(Photo by Andrew Gearhart/Unsplash)
While the NCAA technically has rules over who can officially recruit players on their schools’ behalf, there’s enough wiggle room for collectives to have an outsized impact. The University of Miami, which sent both its men’s and women’s basketball teams to the Final Four last season thanks in large part to transfers lured by collective-tied NIL opportunities, has become intertwined with the fate, whims, and cash of super-booster extraordinaire John Ruiz, a university alumni and founder of LifeWallet.
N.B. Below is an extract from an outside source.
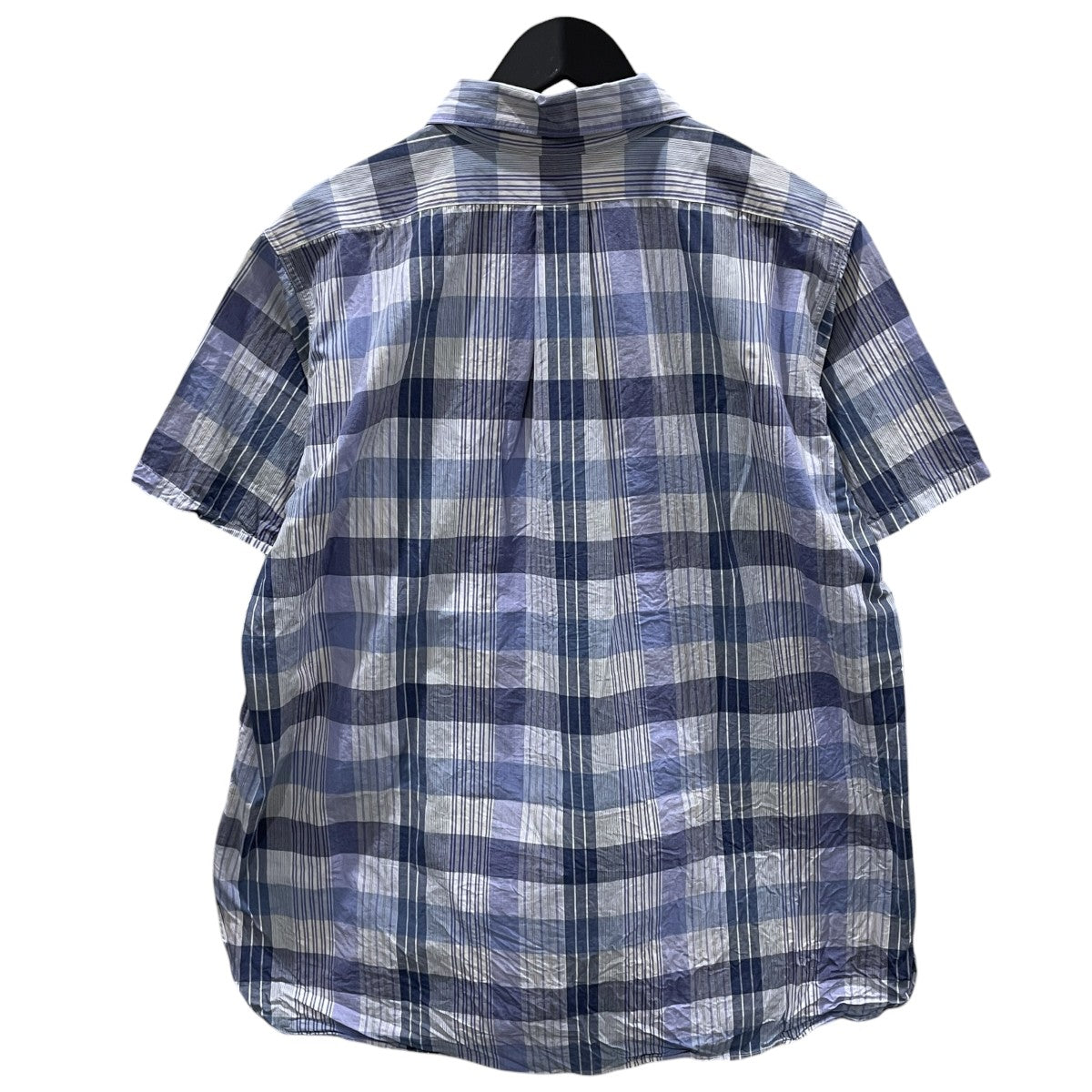 18SS チェック柄半袖シャツ WORK SHIRT ワークシャツ KS8SSH04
To nearly everyone, the connection between the collectives’ cash and athlete recruitment has become explicit.
“We’ve got to be able to offer a package similar to those other places so that money does not become a factor,” Penn State head coach James Franklin said to boosters at a recent $2,000-a-ticket fundraiser, according to the NYT.
Already, the IRS is beginning to scrutinize alumni collectives, arguing that they stretch the very definition of nonprofits and charitable organizations.
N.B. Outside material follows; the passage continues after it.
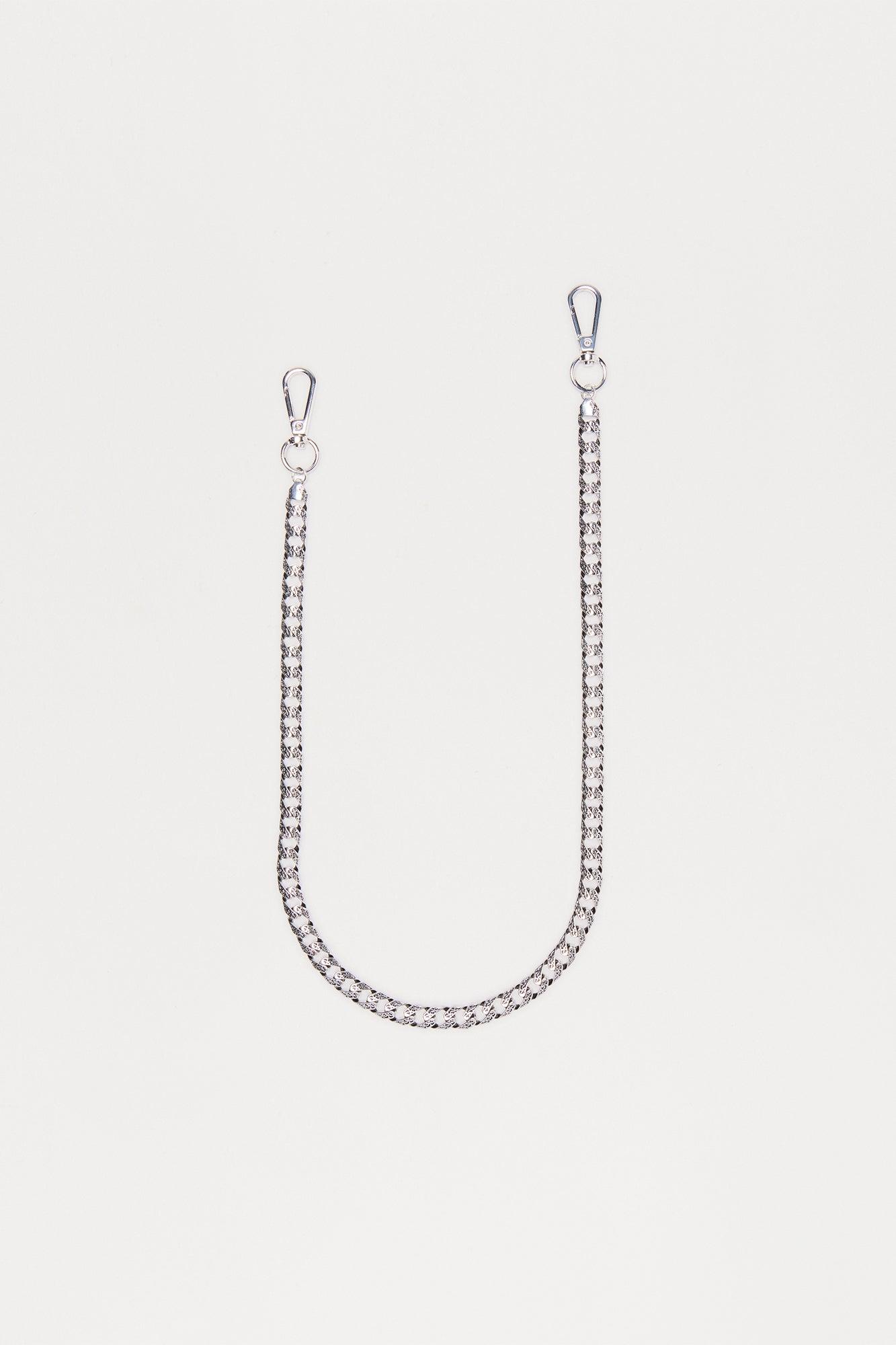 Hangin' In There Pant Chain - Silver Male Product Image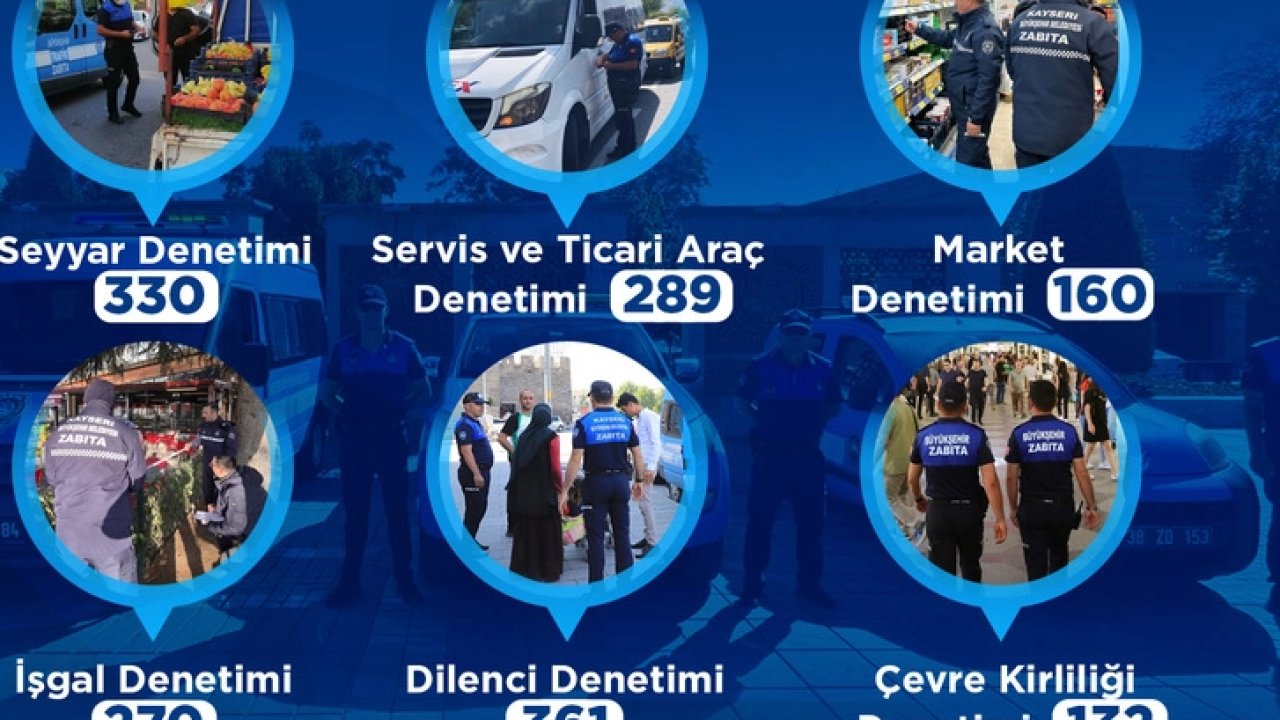 Kayseri zabıtasından yoğun mesai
Pay for Play: Still, it’s not just the IRS that’s skeptical of the new booster-dominated system.
While being sure to tip-toe around criticizing the NIL opportunities writ large, Alabama football head coach Nick Saban recently told Sports Illustrated that “Guys are going to school where they can make the most money. I don’t think that is even the best thing for the player,” adding that “the whole concept of collectives is what has created this environment that we are in, and I’m not sure that anybody really had the insight or the vision to see that was going to happen.” Five of Saban’s players rank among the top 100 most paid in all of college sports, according to data compiled by On3.com. Saban earns roughly $10 million a year as head coach.
Others are more explicit: “[The collective system is] a pay-for-play scheme disguised as NIL,” Big Ten Conference commissioner Tony Petitti said at a Senate hearing in October. “We are concerned that management of college athletics is shifting away from the universities to collectives.”
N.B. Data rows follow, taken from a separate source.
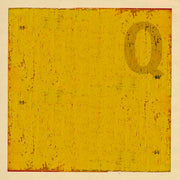 Boat flag letter Q - nautical art; canvas print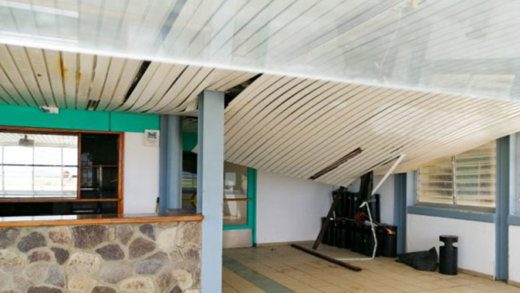 Bequia airport roof collapse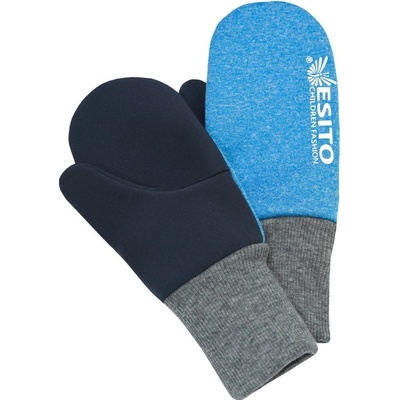 Esito Palcové rukavice softshell melírové tyrkysová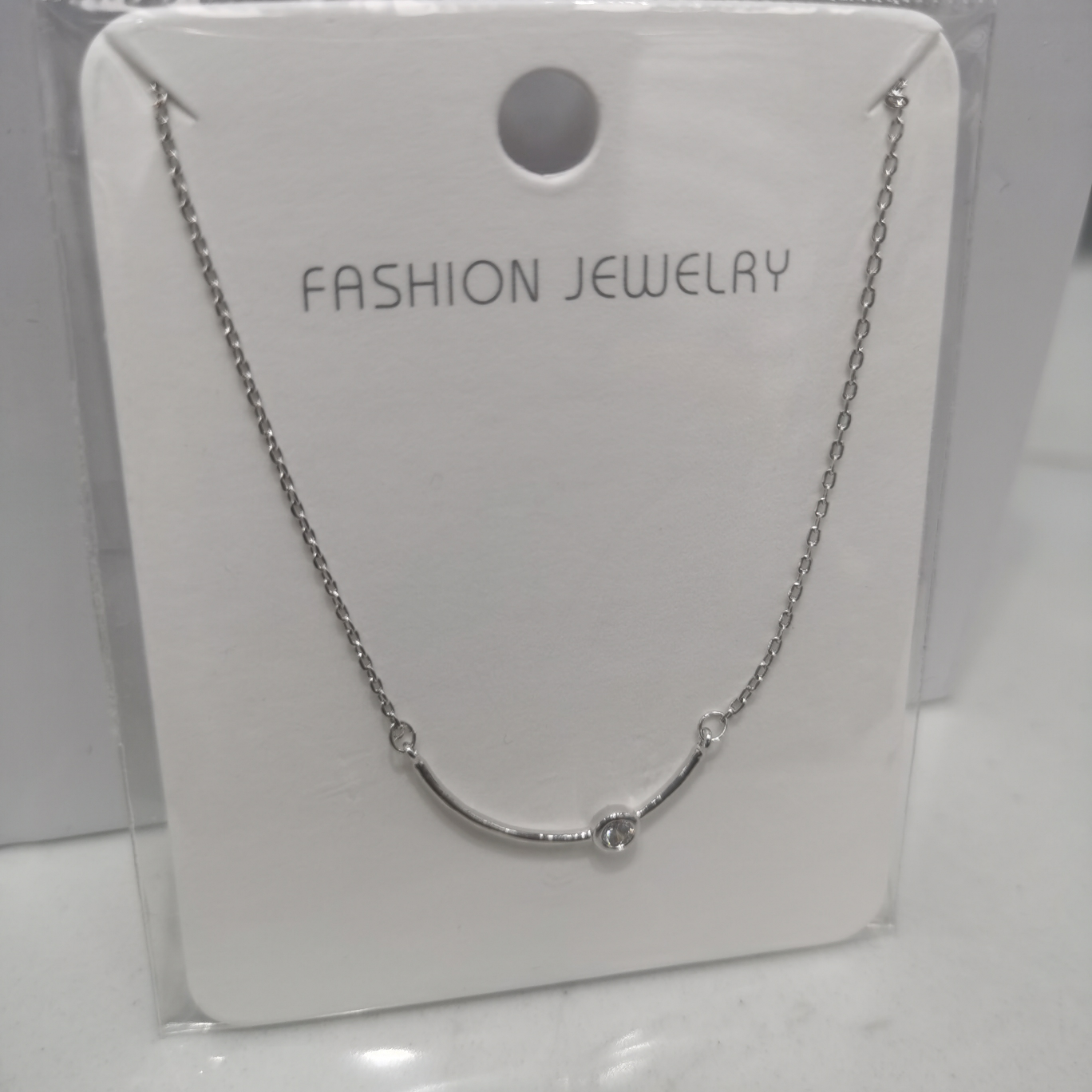 605-1 White gold copper necklace thumbnail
Touchback: If NIL is defined by an opaque system of shady backroom payments, the simple solution may just be to pay student-athletes directly as university employees. And that’s what some student advocates would like to see:
California Dreaming: Most onlookers look to two separate movements as the most likely to radically reshape athlete compensation once again.
The first is an antitrust lawsuit brought by three former NCAA Division I student-athletes, House v. NCAA, that aims to use the NIL ruling against the NCAA. Essentially, the plaintiffs argue that the games themselves are the most essential uses of players’ name, image, and likeness — opening the door to a more direct revenue-sharing model, where players would likely be classified as employees of their universities.
“What we’re going to be asking the court to do for the class is to strike down all current prohibitions on NIL. And so the most significant is the rule that prohibits conferences from paying students for NIL,” said Steve Berman, one of the lead plaintiffs’ attorneys.
The second is California’s College Athlete Protection Act, which passed the state assembly and would require its state universities to create a revenue-sharing system with student athletes. The law would establish a system in which schools would share with athletes revenue that exceeds its total revenue from the 2021-2022 school year.
In 2019, California signed the nation’s first legislation allowing athletes to sign NIL deals — despite threats from the NCAA that its schools would be excluded from competition if the legislation passed. Instead, other states drafted similar NIL bills, kicking off a chain of events that culminated in the 2021 Supreme Court ruling. If passed, California’s revenue-sharing model could similarly inspire a wave of imitators, ultimately leading to system-wide change.
Many athletic departments are already penciling in major changes, Casey Schwab, chief executive of college sports advisory firm Altius Sports Partners, told The Wall Street Journal. “This moment in time right now feels like the fall of 2020, nine months before NIL went live,” Schwab said. “We’re nine to 12 months away from that next moment of panic in college sports.”